== Data to examine ==
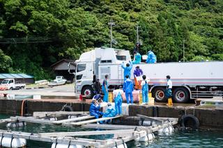 お試しからでもOK！水産業×まちづくりを担う地域おこし協力隊募集！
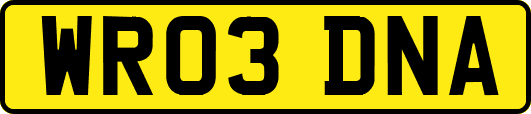 WR03DNA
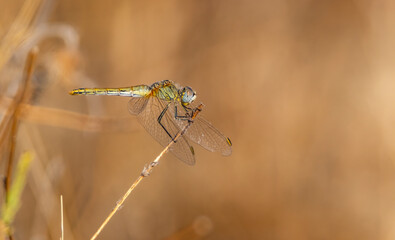 close up of a dragonfly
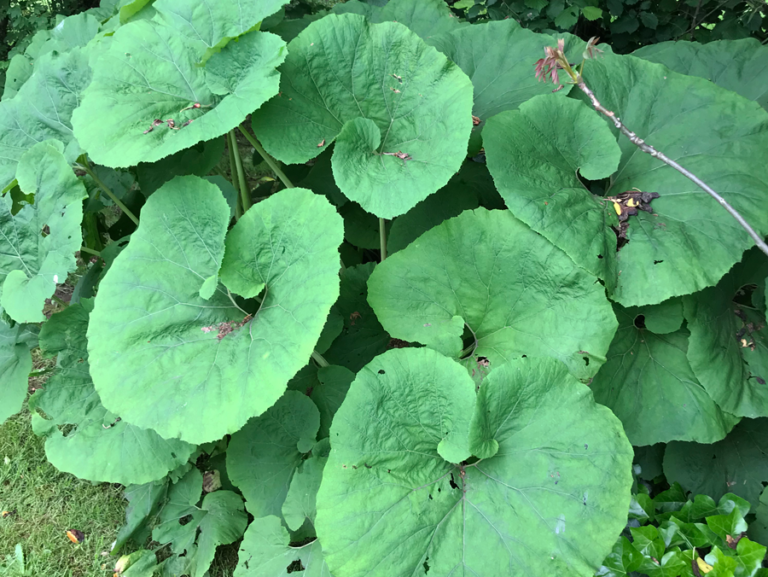 A large plant with large leaves in a garden.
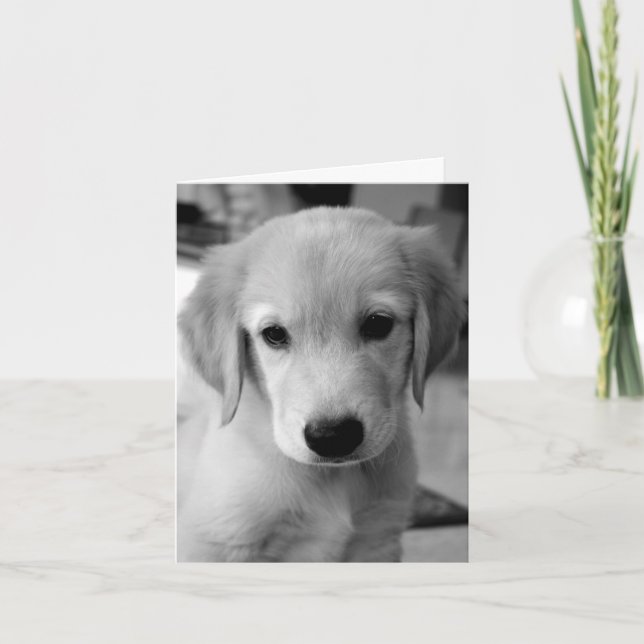 Carte Puppy (Devant)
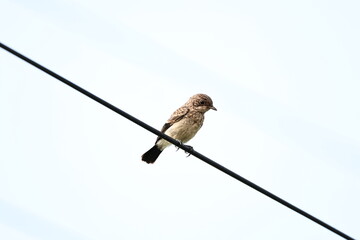 Pied Bushchat Juvenile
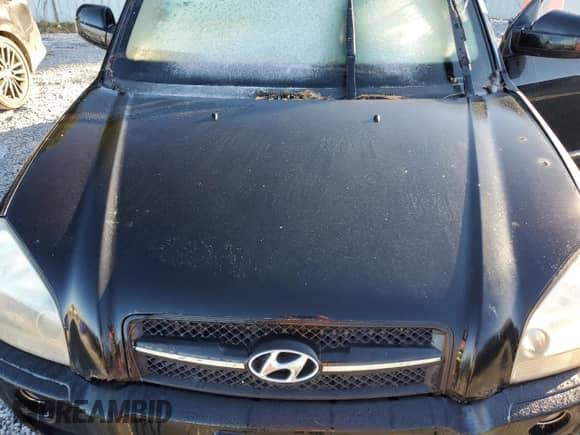 2006 Hyundai Tucson GLS z VIN KM8JN12D36U291618, wystawiony jako Copart lot #76259744 z przebiegiem Nie podano mil oraz Czysty tytuł • Clean title. Historia ofert i sprzedaży dostępna na DreamBid. Obrazek 12.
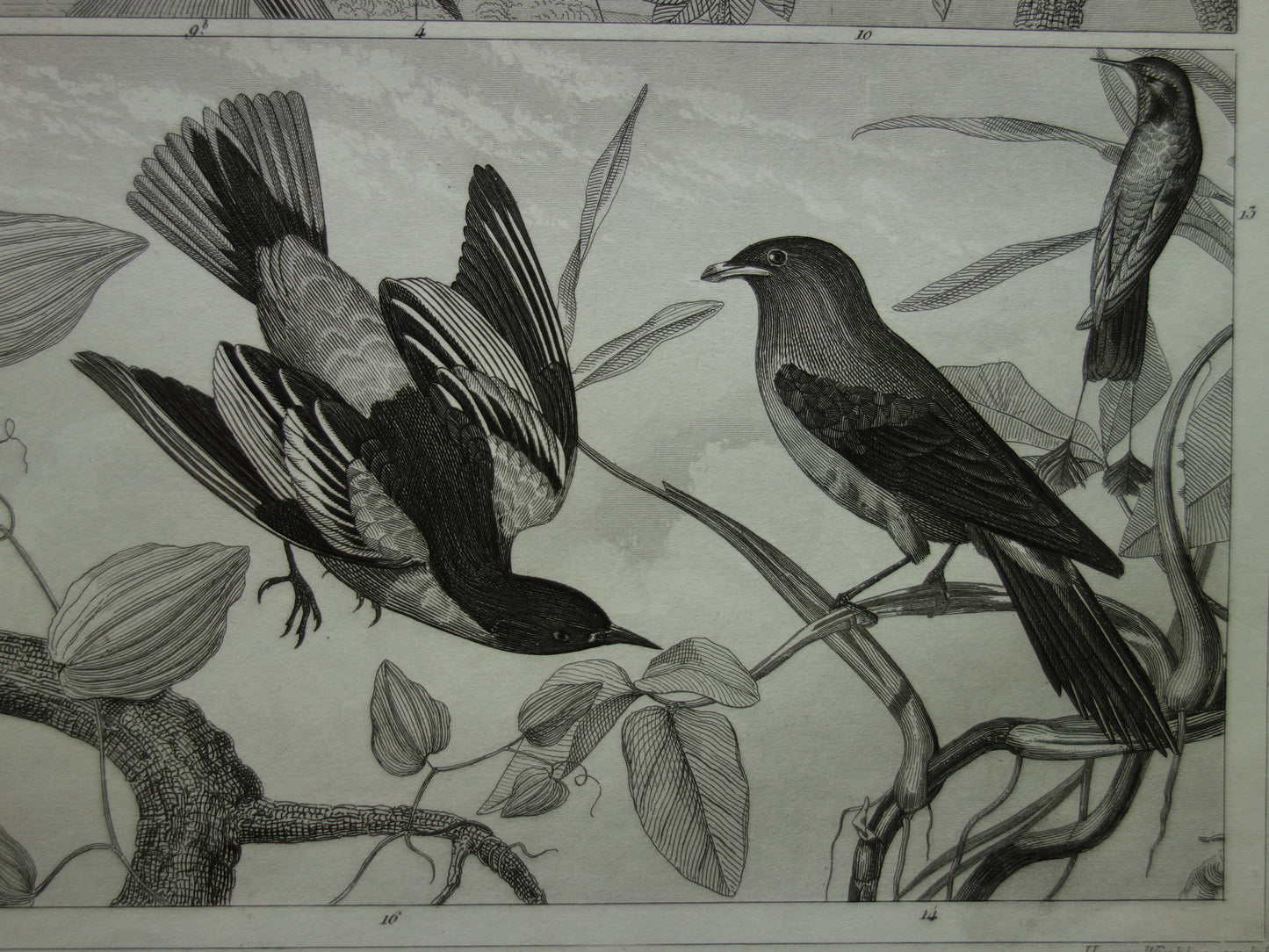 HUMMINGBIRD antique bird print original 170+ year old illustration of Jay Hummingbirds Bird of Paradise vintage birds print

== How to complete this task ==
Text only, please: give the listing again word for word with no images.

== Result of this exercise ==
 お試しからでもOK！水産業×まちづくりを担う地域おこし協力隊募集！
 WR03DNA
 close up of a dragonfly
 A large plant with large leaves in a garden.
 Carte Puppy (Devant)
 Pied Bushchat Juvenile
 2006 Hyundai Tucson GLS z VIN KM8JN12D36U291618, wystawiony jako Copart lot #76259744 z przebiegiem Nie podano mil oraz Czysty tytuł • Clean title. Historia ofert i sprzedaży dostępna na DreamBid. Obrazek 12.
 HUMMINGBIRD antique bird print original 170+ year old illustration of Jay Hummingbirds Bird of Paradise vintage birds print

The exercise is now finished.